Por Beatriz Camacho
¿Cuántas veces, tras una discusión, no puedes parar de pensar en lo que dijiste, lo que no dijiste y lo que te contestaron? Seguro que más de una vez te ha sucedido algo y no has podido parar de dar vueltas y vueltas al asunto. Sientes que es imposible desprenderte de esos pensamientos nocivos y se vuelve un círculo vicioso, bloqueándote y haciendo que solo pienses en ello. En psicología, esto se conoce como rumiación y es mucho más habitual de lo que parece.
Se trata de la tendencia a analizar de forma repetitiva tus propios problemas, preocupaciones y/o sentimientos que te provocan malestar, sin tomar ningún tipo de acción al respecto para hacer cambios positivos. Tal vez parece útil pero rumiar solo empeora nuestro estado de ánimo. Surge un sentimiento de frustración, provoca angustia, estrés y tristeza, dificulta nuestra capacidad para tomar decisiones y nos quita posibilidades para centrarnos en nuestro entorno real.
Puede producirse por muchísimos aspectos del día a día: una discusión, una equivocación en el trabajo, acordarnos de algo que nos hemos dejado en un examen o que hemos puesto mal después de entregarlo, un pequeño contratiempo… puede ser cualquier cosa que quizá no hemos sabido procesar y por eso se mantiene en nuestros pensamientos.
Cómo detectar que estamos rumiando
Más allá de las experiencias emocionales desagradables que no se tienen que evitar, reflexionar sin parar sobre emociones dolorosas es nocivo. En lugar de proporcionarnos libertad emocional, nos hace repetir en bucle las escenas angustiantes en nuestra cabeza sin llegar a una conclusión y la negatividad aumenta. Si bien algunos sienten que no pueden controlar las rumiaciones, somos dueños y amos de nuestros pensamientos.
¿Cómo podemos saber que, en un momento determinado, estamos rumiando? Lo primero es aprender a reconocer estos pensamientos obsesivos y para eso usamos la regla de los dos minutos. Es muy sencillo. Si creemos que podemos estar rumiando, esperamos dos minutos dando vueltas a lo que nos ocupa la mente y, entonces, nos hacemos tres preguntas:
- ¿He hecho algún progreso para solucionar el problema?
- ¿Sé algo más sobre mi problema (o los sentimientos que tengo)? ¿Entiendo mejor mi problema?

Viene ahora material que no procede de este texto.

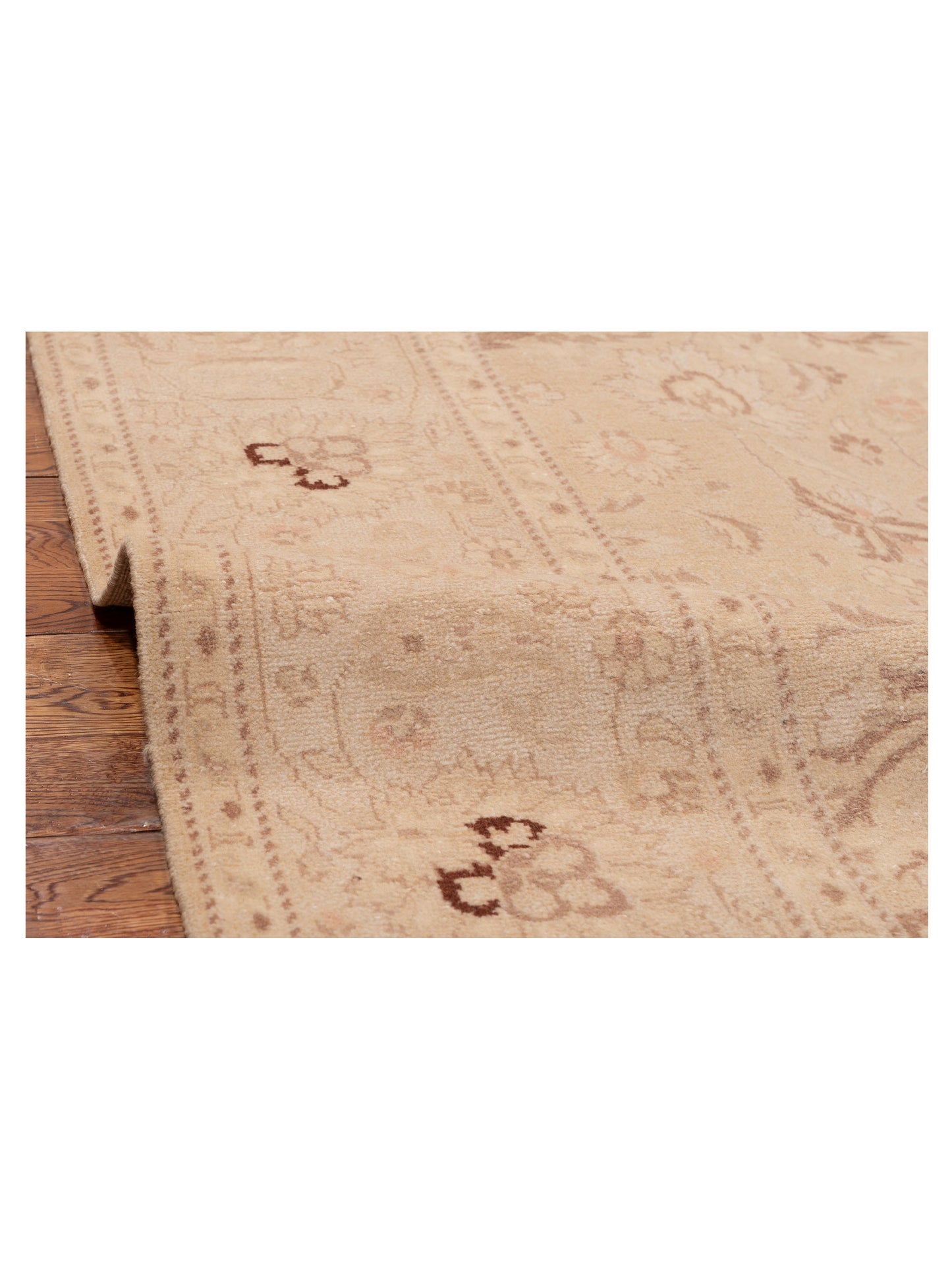 Pasha Bouquet 107411 Gold Ivory Transitional Hand Knotted Rug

- ¿Me critico menos o estoy menos deprimido que antes de empezar a pensar?
Si no respondemos, al menos, un sí rotundo a una de estas preguntas es que estamos rumiando.
Qué podemos hacer para dejar de rumiar
Si hemos contestado que no a las tres preguntas ya sabemos que rumiamos. Y ahora, ¿qué hacemos para dejar de hacerlo? Tenemos diferentes opciones según la situación en la que nos encontremos.

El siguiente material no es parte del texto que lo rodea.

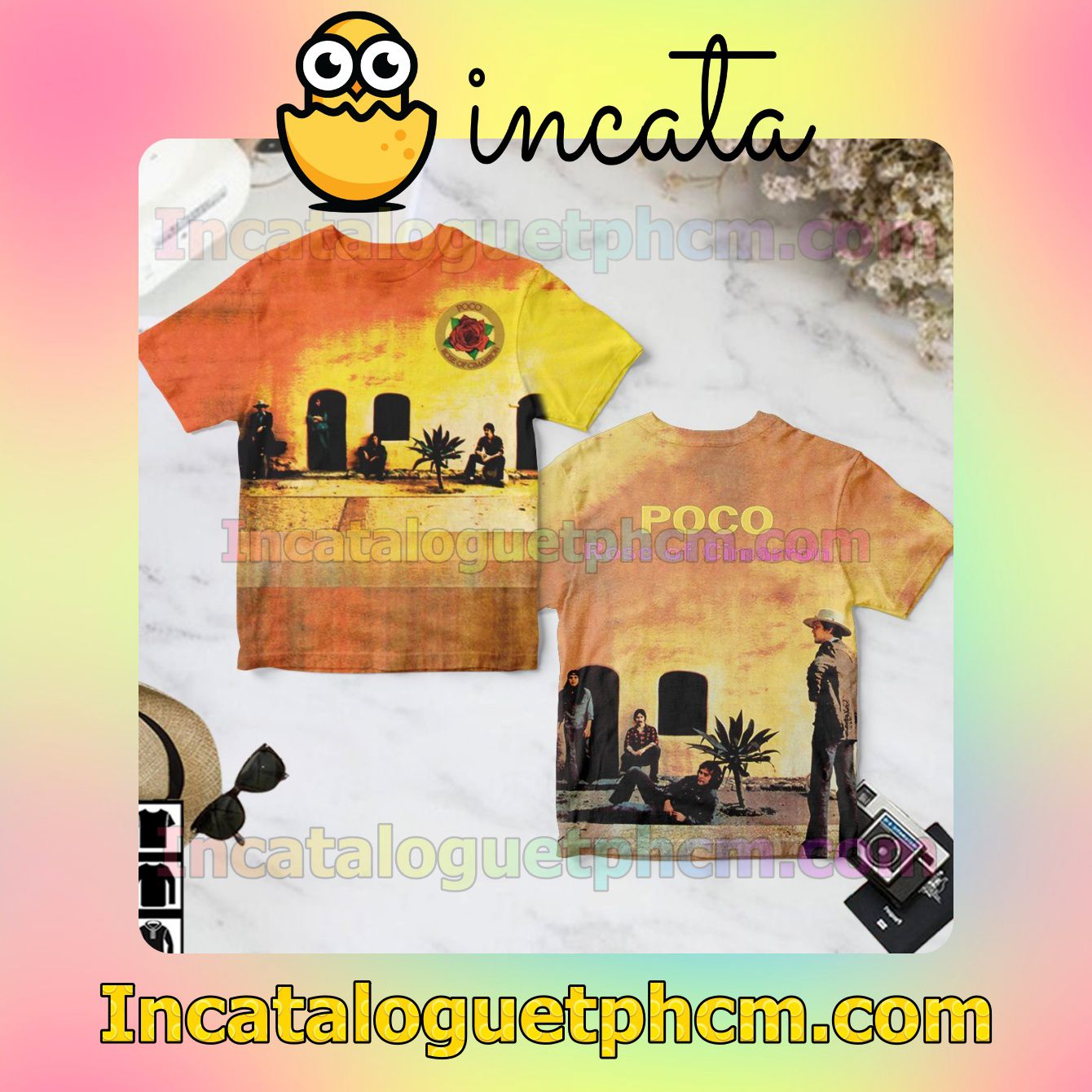Poco Rose Of Cimarron Album Cover Gift Shirt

Una opción es pensar que es una señal para actuar. Es decir, utilizamos la aparición de la rumiación como indicación para realizar otra actividad como practicar deporte o relajación, meditar, leer… Otra opción es focalizar la atención en otra cosa o prestar atención al entorno. La clave está en distraernos, ocupar nuestra mente con algo más.
Está claro que esto no se aprende en un día y que en algunas situaciones es más difícil atender a la experiencia presente, como en situaciones de cierto aislamiento (caminando solo, comiendo o conduciendo, trabajando en la oficina…), pero es posible.

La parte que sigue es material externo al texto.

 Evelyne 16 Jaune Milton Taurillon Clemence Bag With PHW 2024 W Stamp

También hay que tener en cuenta que aunque se consiga una reducción de la rumiación, mediante el cambio de actividades o la atención focalizada en algo, es normal que sigan apareciendo pensamientos intrusivos y emociones negativas a pesar de que no se esté rumiando. En estos casos se recomienda que, en cuanto reconozcamos la presencia del pensamiento negativo, no hagamos valoraciones y continuemos con la actividad que estábamos haciendo sin esforzarnos por bloquearlo o analizarlo.